▸ WHAT YOU NEED TO DO:
Only the lines from the one with "this 845×633 image." through the last line of the data below are to be duplicated, exactly and without pictures.

*** Opening of EXTRACTED ENTRIES ***

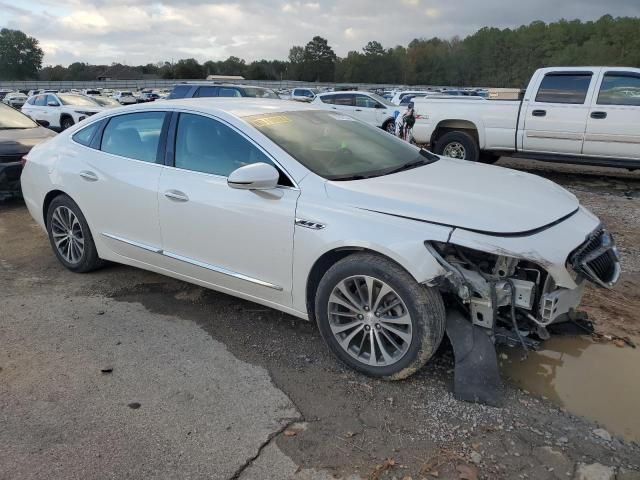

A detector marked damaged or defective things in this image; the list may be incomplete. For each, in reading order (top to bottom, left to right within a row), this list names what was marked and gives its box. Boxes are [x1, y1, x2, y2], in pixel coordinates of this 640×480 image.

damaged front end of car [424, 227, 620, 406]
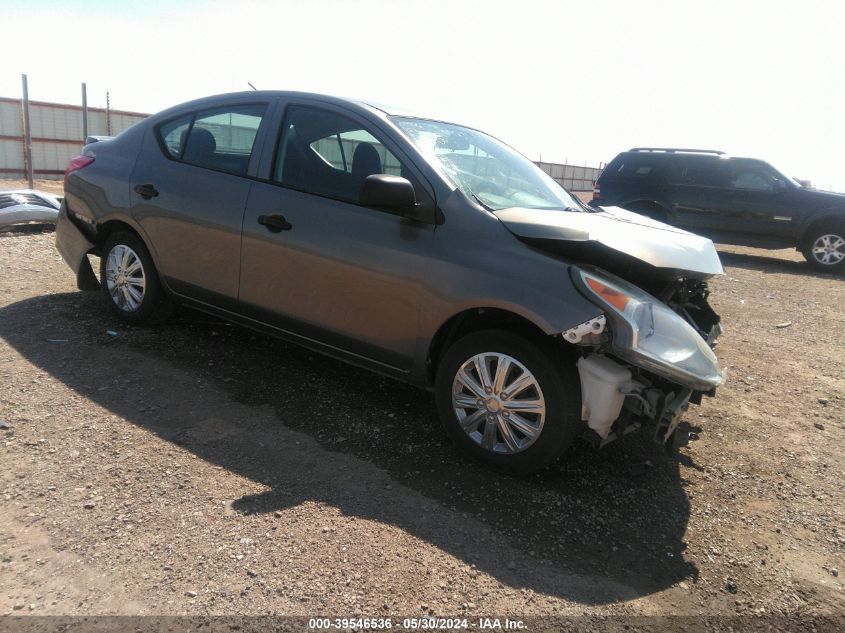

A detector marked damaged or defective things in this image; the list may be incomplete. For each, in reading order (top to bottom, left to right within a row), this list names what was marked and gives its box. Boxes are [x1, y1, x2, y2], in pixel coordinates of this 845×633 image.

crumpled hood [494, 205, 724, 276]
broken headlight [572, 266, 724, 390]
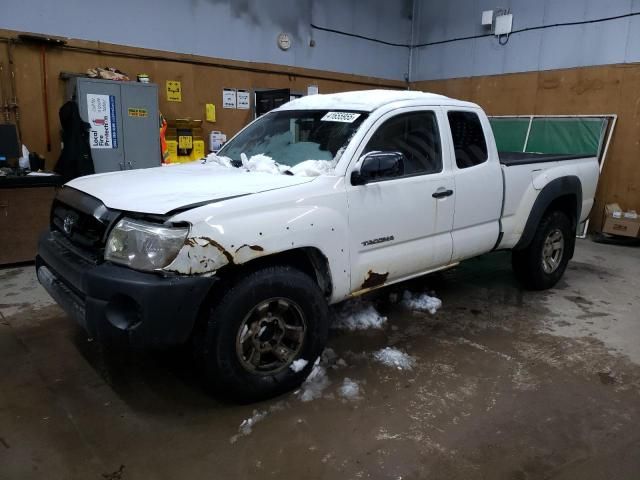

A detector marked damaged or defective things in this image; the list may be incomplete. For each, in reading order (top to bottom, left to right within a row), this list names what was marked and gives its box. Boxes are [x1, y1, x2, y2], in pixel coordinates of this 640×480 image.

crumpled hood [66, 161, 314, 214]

*** Close of EXTRACTED ENTRIES ***

▸ ANSWER TO THIS TASK:
A detector marked damaged or defective things in this image; the list may be incomplete. For each, in reading order (top to bottom, left to right within a row), this list names what was marked and gives its box. Boxes are [x1, y1, x2, y2], in pixel coordinates of this 845×633 image.

crumpled hood [494, 205, 724, 276]
broken headlight [572, 266, 724, 390]

A detector marked damaged or defective things in this image; the list may be incomplete. For each, in reading order (top to bottom, left to right within a row), this list names what was marked and gives its box. Boxes are [x1, y1, x2, y2], in pixel coordinates of this 640×480 image.

crumpled hood [66, 161, 314, 214]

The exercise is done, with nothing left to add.